Researchers at NYU Identify Problematic Protein in Mesothelioma Tumor Growth
Researchers from the New York University Langone Medical Center have uncovered a potential new therapeutic target and possible diagnostic tool in the ongoing battle against malignant pleural mesothelioma.
They concluded that the protein Ephrin B2 (EPHB2), a genetic biomarker, may hold the key to future advancements and the search for a cure.
“The community is looking at novel targets for therapy,” said Harvey Pass., M.D., lead researcher at the center and long-time mesothelioma pioneer. “We must expand our findings to elucidate the prognostic and predictive characteristics of this important pathway.”
The research will be published in the September issue of the Journal for Thoracic Oncology.
Hope for Patients
Mesothelioma is an aggressive cancer that is caused by the inhalation of microscopic asbestos fibers. Although advancements have been made in recent years, there still is no cure for mesothelioma, and the average survival rate after diagnosis is only 12-18 months. An estimated 2,500 people are diagnosed with pleural in America annually.
The EPHB2 research is important because it could provide a pathway to stopping the metastasis and tumor growth that has frustrated the medical community and made mesothelioma so difficult to treat. It can take anywhere from 10 to 50 years after exposure to asbestos before the cancer is diagnosed. The cancer often has spread before it is discovered.
Treatment and Earlier Diagnosis
This research also could provide another avenue to earlier detection of the disease, which would open up more treatment options and could extend the survival rate.
Levels of this particular protein were elevated in all 34 pleural mesothelioma tumors that were examined, in comparison with normal tissue. And all cell lines of pleural cancer overexpressed the EPHB2 in comparison with benign mesothelial cells.

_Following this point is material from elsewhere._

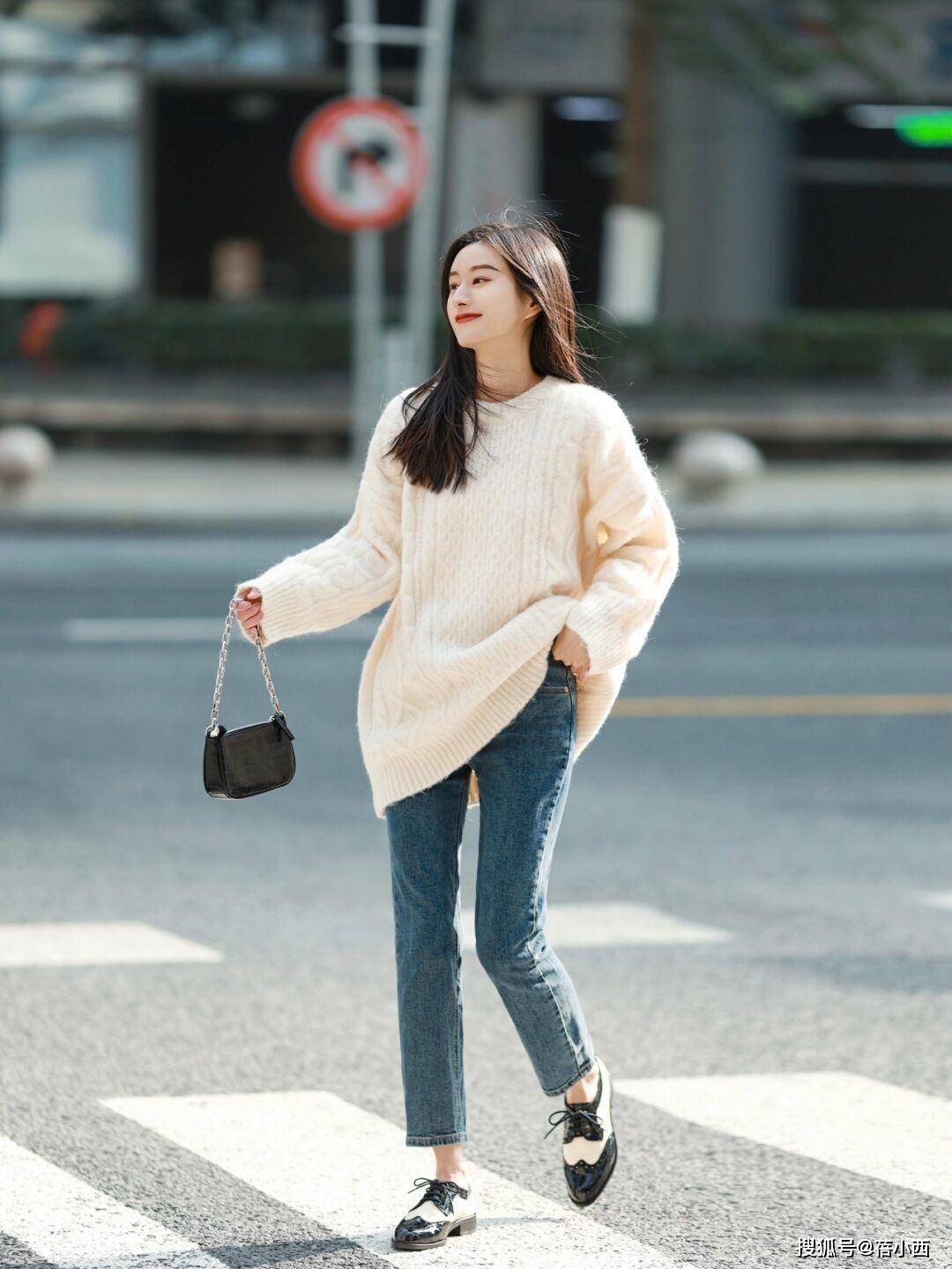 颜色 毛衣不知道选什么颜色?推荐你选择白色,搭配裤子半身裙都很高级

Because the protein is responsible for the process of forming new blood vessels from existing ones, researchers have speculated that doctors could improve the survival rates if the growth of EPHB2 is controlled.
Stopping the EPHB2 growth also increased the apoptotic proteins and activity, which is part of the natural self-destruction of cells. Stopping the growth of EPHB2 also decreased the proliferation and invasion of the bad cells, in the laboratory research.
Researchers speculated that the EPHB2 also might have a role as a marker to provide a more accurate prognosis of the disease.
“EPHB2 seems to play an important role in MM (malignant mesothelioma) pathogenesis and these findings indicate that EPHB2 could serve as a potential novel therapeutic target for treatment of the disease,” the researchers concluded.